> [Action item]
Please copy only the material from the line that has "Ketrin Jones online" to the very last line, both ends included, exactly as written and without pictures.

────────────────

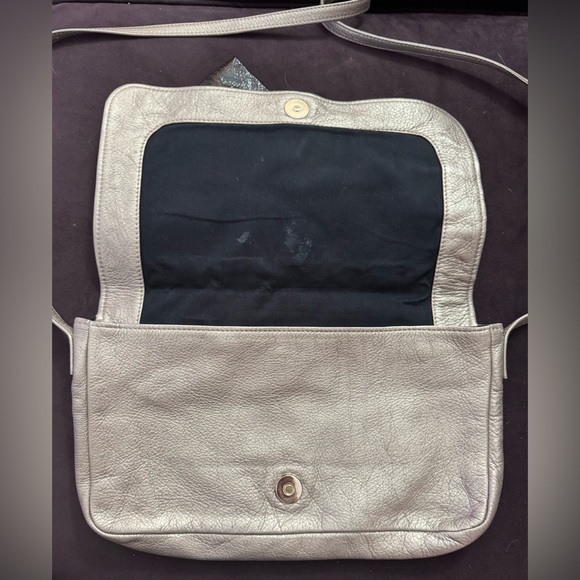 See By Chloé Bronze Leather Bag w/ Black Patent Bow, Adjustable Strap - Picture 7 of 10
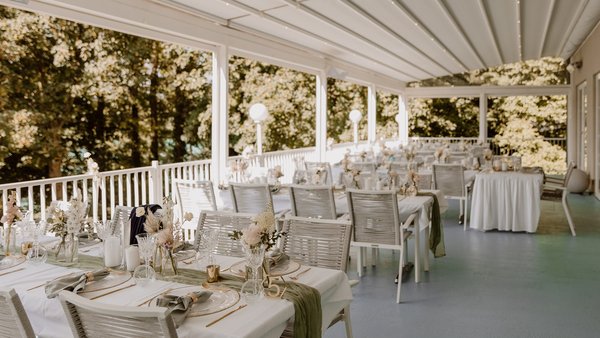 Hochzeitslocation Strandhotel Vier Jahreszeiten Buckow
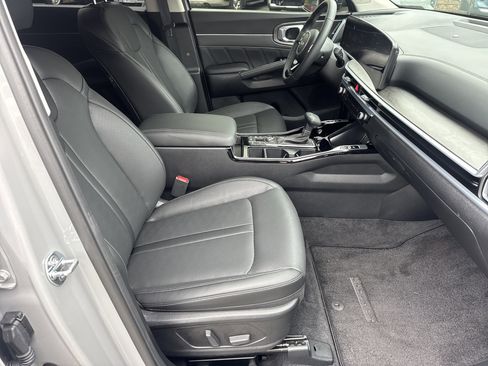 Certified 2025 Kia Sorento SX image 13
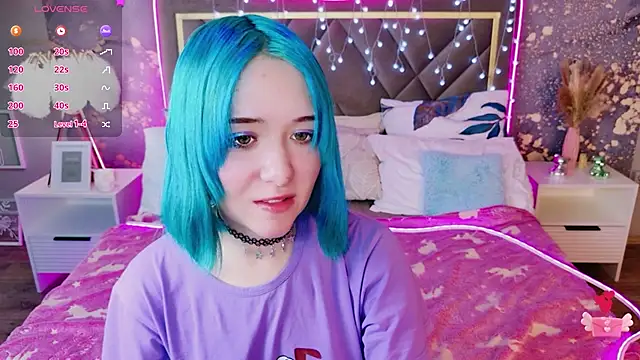 Ketrin Jones online show from April 17, 2026, 3:04 pm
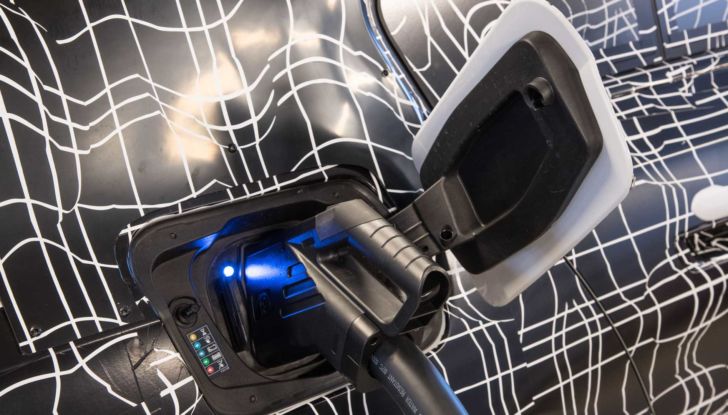 BMW i7: l’ammiraglia elettrica sfila tra le nevi della Svezia - Foto 16 di 16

────────────────

> [Written response]
 Ketrin Jones online show from April 17, 2026, 3:04 pm
 BMW i7: l’ammiraglia elettrica sfila tra le nevi della Svezia - Foto 16 di 16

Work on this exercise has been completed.